Roberta Rafaloff, vice president, institutional income annuities, MetLife, clearly spends a lot of time in the complex world of retirement income planning products.
She recently told PLANADVISER her 29-year career at MetLife has been dominated by annuities design and “thinking about the transition to retirement income from defined contribution (DC) and defined benefit (DB) plans.”
“In the last three decades we have seen a real evolution in how retirement income planning has been looked at and thought about,” she suggested. “If you look at the prevalent reasons why people aren’t accessing income in the DC planning context, in particular, you see some participants who say they like to maintain control of their money, and others who say they will have separate sources of lifetime income. But there is also a significant group who thinks they can achieve better investment outcomes in the end if they manage the money on their own rather than annuitizing.”
Rafaloff called this last statement “extremely problematic” from her point of view.
“Income annuities are not investments and they really should not be compared to an investment, because in a lot of participants’ eyes the comparison won’t be favorable,” she said. “Income annuities are more properly considered as insurance—insurance that guarantees an individual will not run out of money no matter how long they live. That is an entirely different idea from, say, buying a mutual fund to attempt to increase your net wealth over time.”
Rafaloff went on to observe that many who fail to purchase any lifetime income when they have the option to do so later end up regretting their choices. They are paralyzed at the time by the unfortunate possibility that they could die earlier than expected—perceived as the main risk of annuities as investments. But once investors think about annuities more in the vain of insurance, comfort can increase dramatically.
NEXT: Giving up the pot of gold isn’t easy
“If you think about it, when people look at their defined contribution plan at the point of retirement, they tend to look at it as that proverbial pot of gold. Nobody really gets excited about taking that pot of gold and turning it into a sustainable paycheck,” Rafaloff said. “Taking that lump sum can be tempting; it’s probably going to be more money than the individual has had access to ever before in the past.
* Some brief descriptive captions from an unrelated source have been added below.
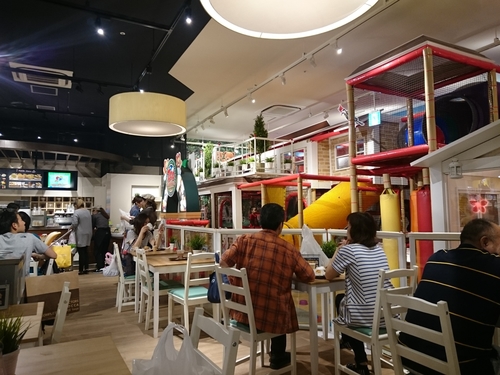 スタジオカフェ富士見店 カフェでくつろぎながら子供が遊べる の体験レポート Kids Play キッズプレイ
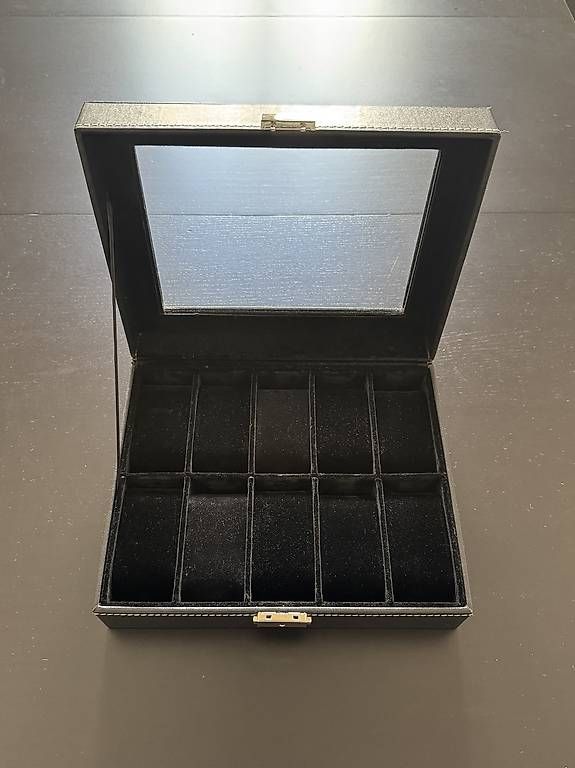 Scatole porta orologi: Uhrenbox 25 / 20 / 8 – Usato da Basel venduto da Klingelbergstrasse 2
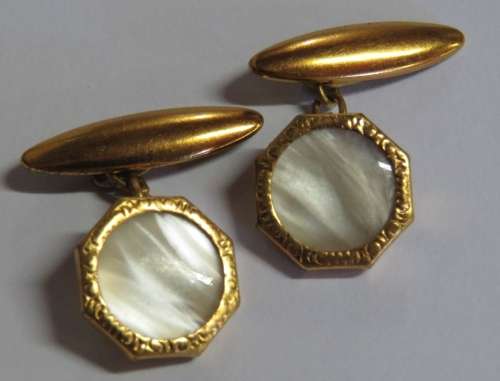 Pair of vintage goldplated cuffliks with mother of pearl inserts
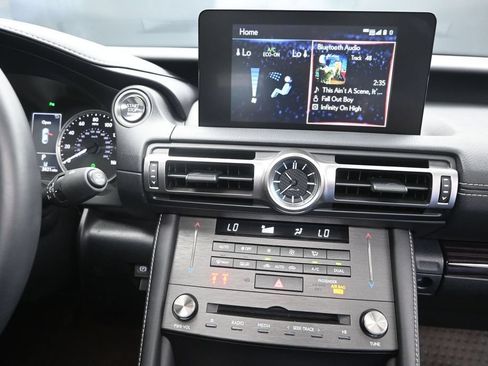Used 2024 Lexus RC 300 w/ Premium Package RWD image 28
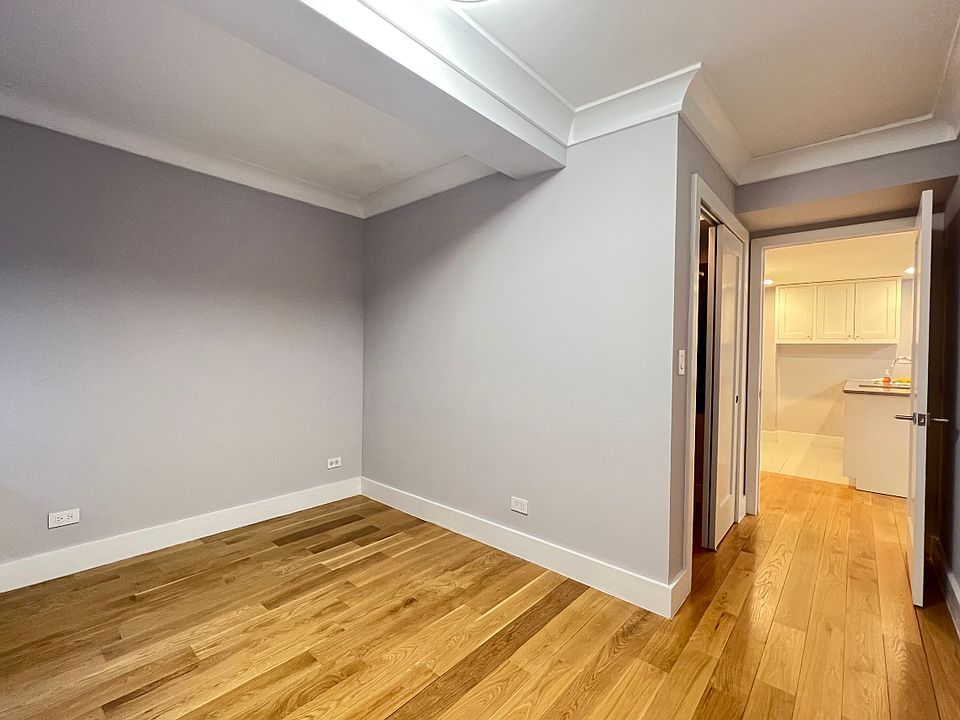 1st image of 752 W End Ave APT 3B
But for so many people the better course of action is going to be at least considering partial annuitization.”
Of course, for some people it may make sense to take large cash distributions to pay down credit card debt or housing debt.
“But our data clearly shows a lot of people actually take their DC plan money and don’t do anything productive with it, either spending it on a major discretionary purchase or even giving it away in a significant number of cases,” she warned. “It speaks to the personal responsibility ethic that really needs to be driving successful DC plan outcomes. We all think it would be great to be able to give some of your wealth away when you die, but if you’re going to become a burden on other people or on the government later in life because you preferred not to buy annuities, that’s not something most people are going to want to experience, either.”
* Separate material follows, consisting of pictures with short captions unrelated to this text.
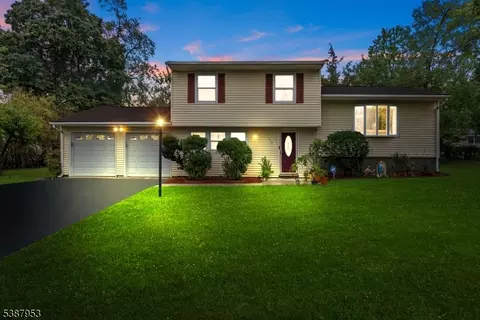 532 Shirley Pkwy, Piscataway, NJ 08854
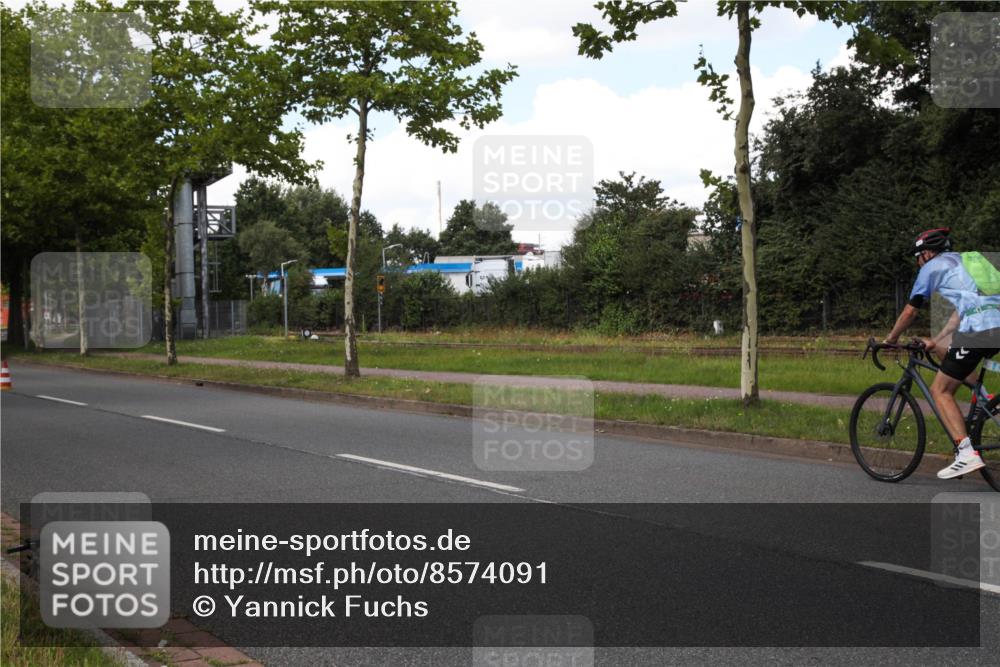 10.08.2025 - GEWOBA Citytriathlon Bremen Yannick Fuchs http://msf.ph/oto/8574091 10.08.2025 13:28:15 Radfahren 746, 903 meine-sportfotos.de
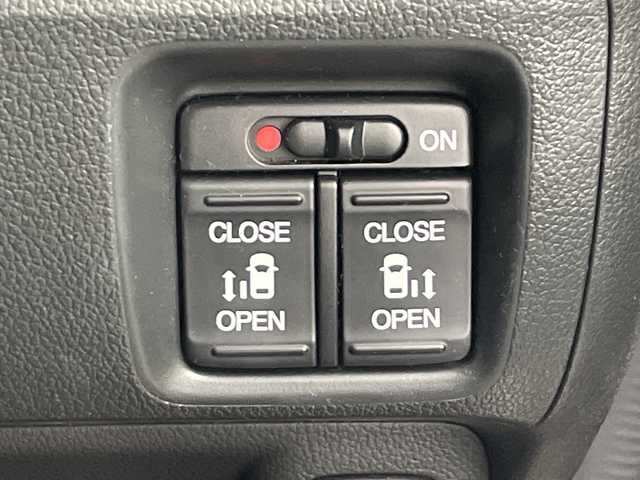 ホンダ Ｎ ＢＯＸ SSパッケージ 愛知県 2015(平27)年 8.5万km プレミアムディープモカパール 禁煙車/純正7インチナビ/（CD/DVD/Bluetooth/ワンセグTV/SD)/バックカメラ/シティブレーキアクティブシステム/ETC/両側パワースライドドア/ベンチシート/チップアップシート/横滑り防止装置/フロアマット/スマートキー/スペアキー有/プッシュスタート/オートエアコン/ステアリングスイッチ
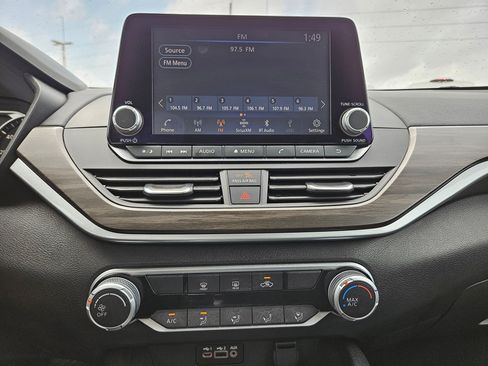 Used 2025 Nissan Altima 2.5 SV FWD image 25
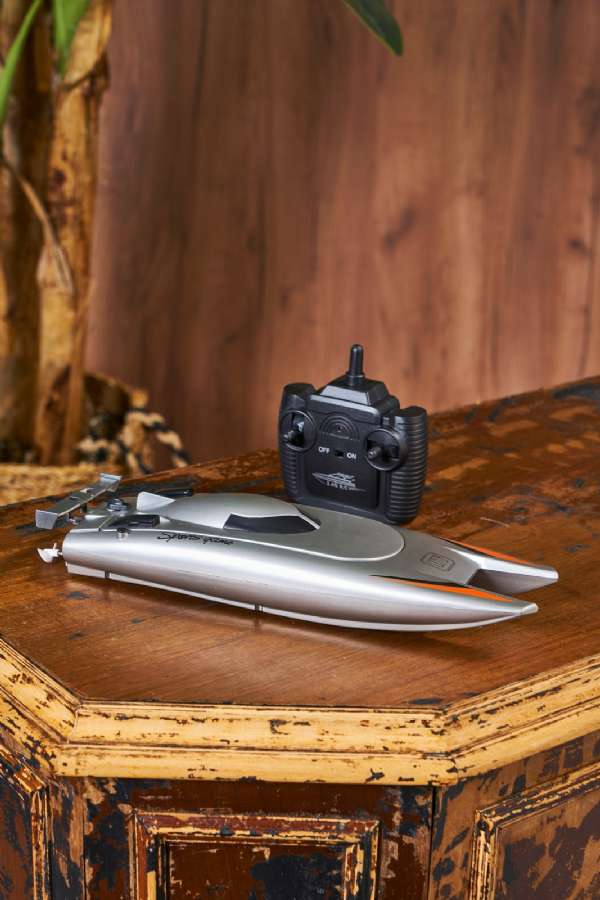 Remote Controlled Speedboat 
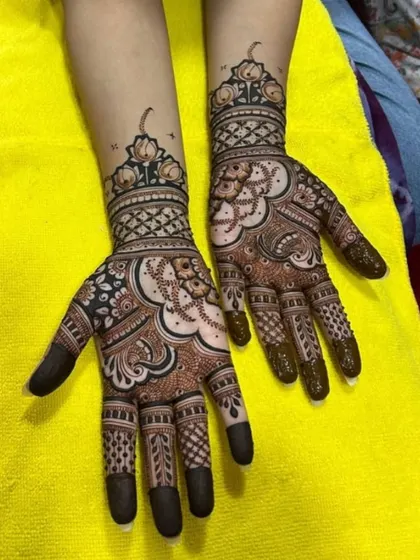 A stylish and modern design with a mix of floral and geometric patterns. The negative space and bold fingertips create a chic and contemporary feel.
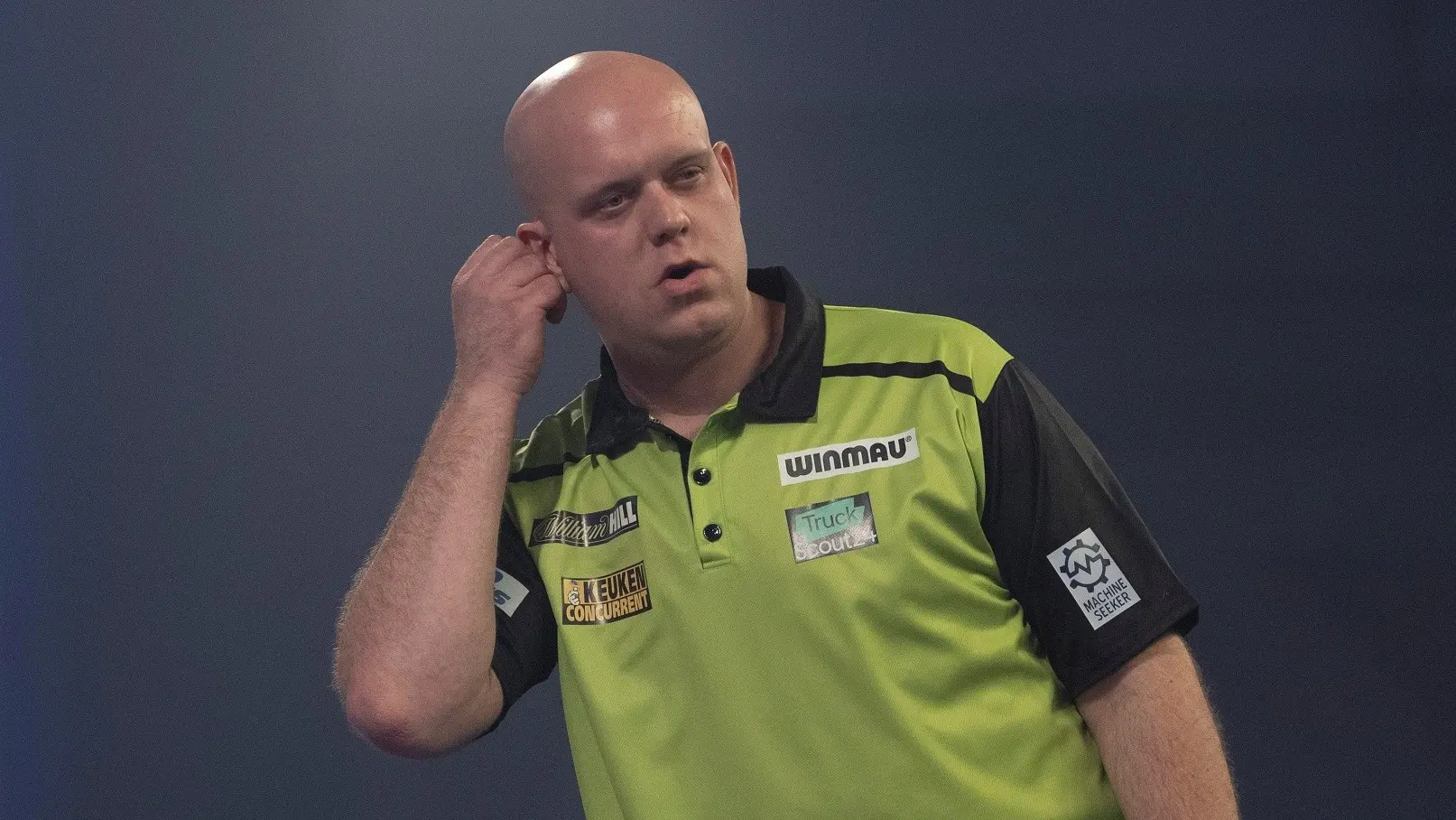 Van Gerwen mist UK Open-finale na verrassende nederlaag tegen Humphries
Again, this is the sense in which annuities should be discussed in a way that is different from DC plan investments, Rafaloff concluded.
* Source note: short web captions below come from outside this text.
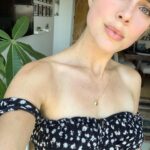 Melissa Roxburgh Instagram - 🌸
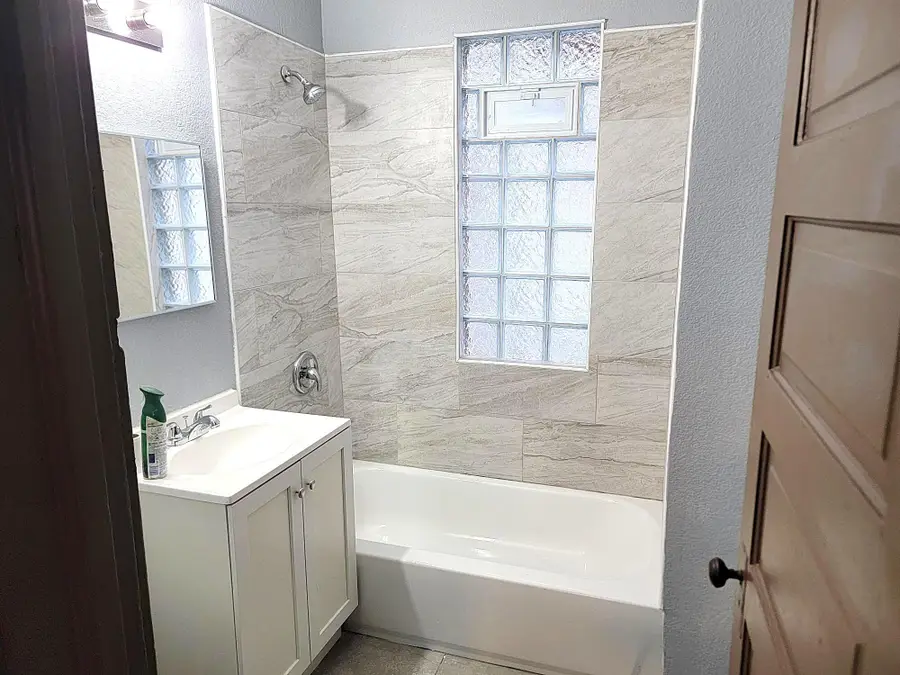 2372 N 44th St, Milwaukee, WI 53210 - #3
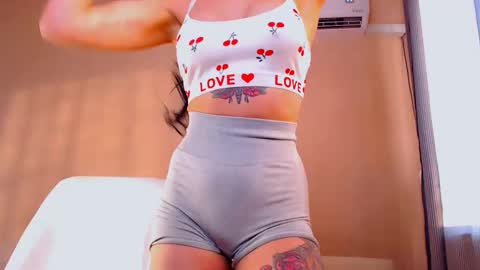 Snapshot of fairy_elli_hot chatting on December 2025 12:44:02 PM Elli online show from December 2025 12:44:02 PM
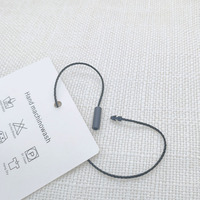 Étiquette personnalisée en PVC noir gaufré avec logo, pour vêtements, sacs à cordon et chaussures – Fabrication tendance du Zhejiang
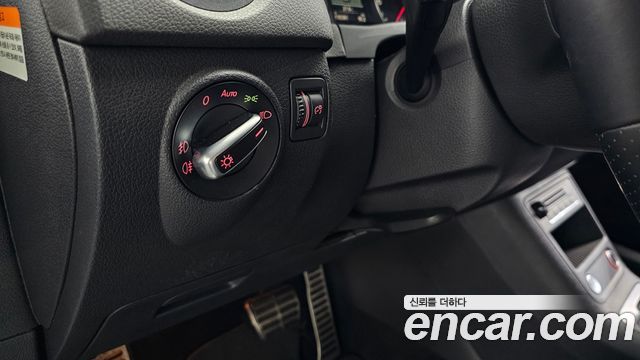 Volkswagen Tiguan 2014 — photo 20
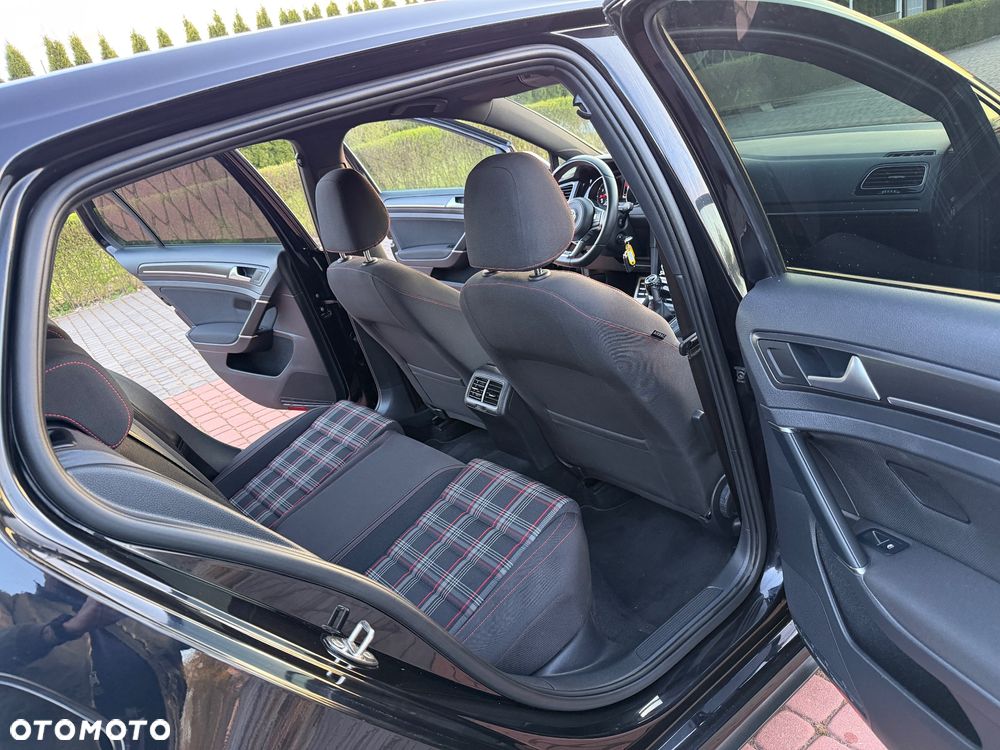 Volkswagen Golf 2.0 TSI BMT GTI Performance - 23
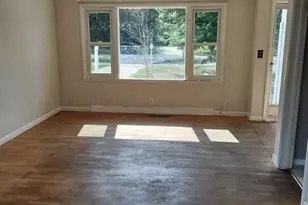 14956 160th Ave, Grand Haven, MI 49417 - Photo 2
“The other thing people should think about is, how well will you be able to manage those assets as you grow older and older? Even if you are financially savvy now in your 50s and 60s, you may want to consider carefully how your cognitive ability to manage those assets and make optimal decisions may shift over time. I know it might be hard for people to want to think about, but they really do need to consider this. There are many research reports showing most people do suffer material cognitive decline asthey age. And so building an insured, stable income plan at the point of retirement or, better yet, in advance of retirement—that’s going to drive the best outcomes for most people.”